映画で、市営住宅で亡くなった蕪木(宇崎竜童)の家族を探すため、漁港で食堂を営む蕪木の元恋人・みはる(宮沢りえ)を訪ねた場所が寝屋だった。鶴岡市にも、由良(ゆら)や小波渡(こばと)などの漁港はあるのだが、多分、鶴岡市の海岸線を南下しながらロケ候補地を探し、港湾指定の鼠ヶ関港へ来たところでもう少し南へ、県境を越えた第二種漁港・寝屋港にたどり着いたのではないかと予想している。
映画の解説やロケ地紹介でもほとんどこの寝屋漁港については触れられていないが、鉾立岩が見える場所で、港の防波堤、入江を挟んだロケーションに加え、雰囲気を醸し出す食堂(実は、JFの直売所)の景色がこの映画の監督・水田伸生が描いたイメージだったに違いない。
映画の中ではみはるの働く「みはる食堂」、実在するのはJF新潟漁協山北支所の直売所で、屋号は「新鮮屋」という。漁港で水揚げされた新鮮な魚介を提供する店だが、これまた口コミなどで調べてみるとこの店が気になって仕方なくなる。(こちらも詳しくは触れないが、評価が真っ二つに分かれているので各自で検索してほしい。

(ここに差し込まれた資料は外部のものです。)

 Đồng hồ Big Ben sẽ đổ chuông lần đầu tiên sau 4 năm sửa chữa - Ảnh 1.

)
店は映画のシーンそのものにテラス席テーブル席が並び、そこから漁港や鉾立岩が望める。宮沢りえとは相当のギャップで接客に対応するお兄さんも、ニヤリとしてしまうくらいこの土地の魅力を醸し出す。そんな魅力を感じてだろうか、山形県ロケに唯一新潟県の地が食い込むほどのシチュエーションが揃っていたんだろうな。(ロケ中に阿部サダヲと直売所のお兄さんの会話はあったのだろうか?どんな会話だったのか気になる。)

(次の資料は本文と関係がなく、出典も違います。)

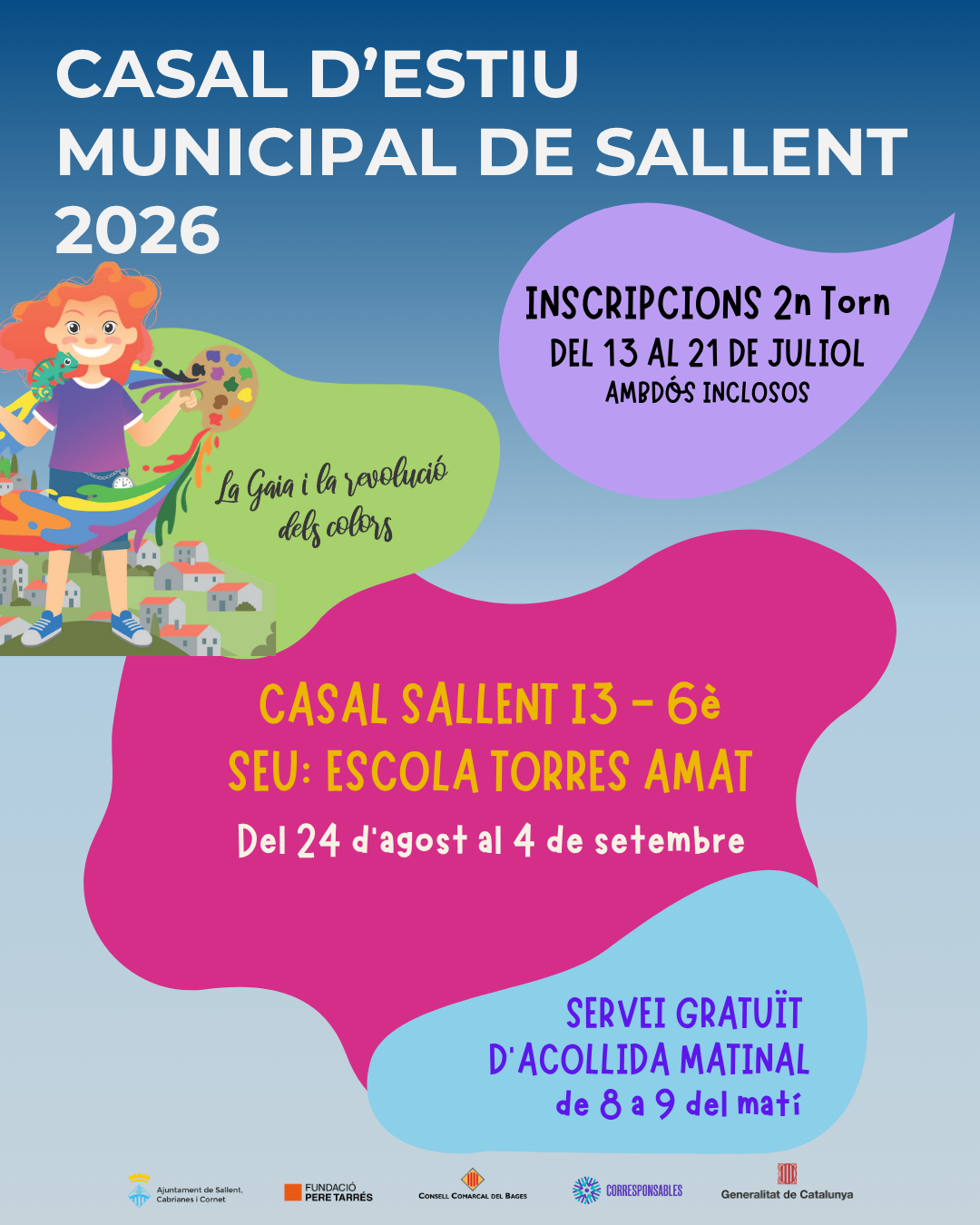 S'obre el per&iacute;ode d'inscripcions pel segon torn del Casal d'Estiu Municipal per a infants d'I3 a 6&egrave; de prim&agrave;ria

私が訪れたのは8月末。この地方では岩ガキの季節で、「笹川流れ」といわれる風光明媚な海岸線沿いの食堂や民宿では岩ガキが提供される。直売所・新鮮屋でも新鮮な岩ガキの殻をその場でむいて提供している。テラス席に一人座って漁港を眺めながら美味しくいただきました。1個800円。これは紛れもなく口コミでも高評価をしてもいい品でした。(写真下:岩カキの写真で、レモン果汁は持込品です。)